Data section —

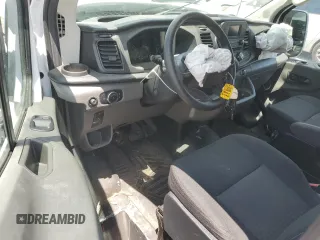 2021 Ford Transit Cargo z VIN 1FTBR1Y85MKA45072, wystawiony jako Copart lot #60415095 z przebiegiem 54 814 mil mil oraz Szkoda całkowita • Salvage title. Historia ofert i sprzedaży dostępna na DreamBid. Obrazek 8.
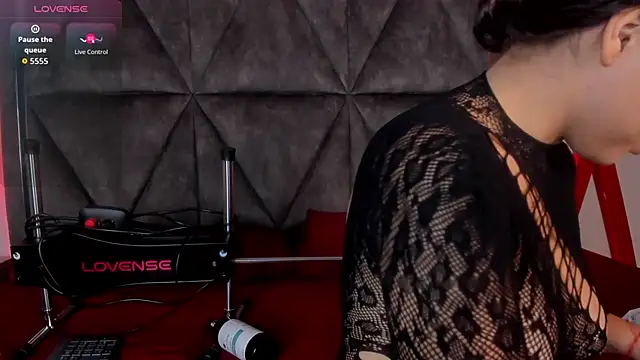 Snapshot of Elsalombardi_ chatting on October 28, 2025, 12:30 pm Elsalombardi online show from October 28, 2025, 12:30 pm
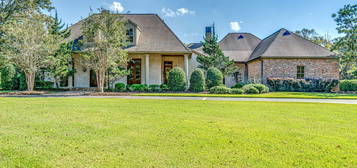 102 Bridgewater Xing, Ridgeland, MS 39157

What the exercise asks — Your copy should hold exactly the lines from the line containing "Snapshot of Elsalombardi_" through the last line of the listing above, both included, and no pictures.

Written answer —
 Snapshot of Elsalombardi_ chatting on October 28, 2025, 12:30 pm Elsalombardi online show from October 28, 2025, 12:30 pm
 102 Bridgewater Xing, Ridgeland, MS 39157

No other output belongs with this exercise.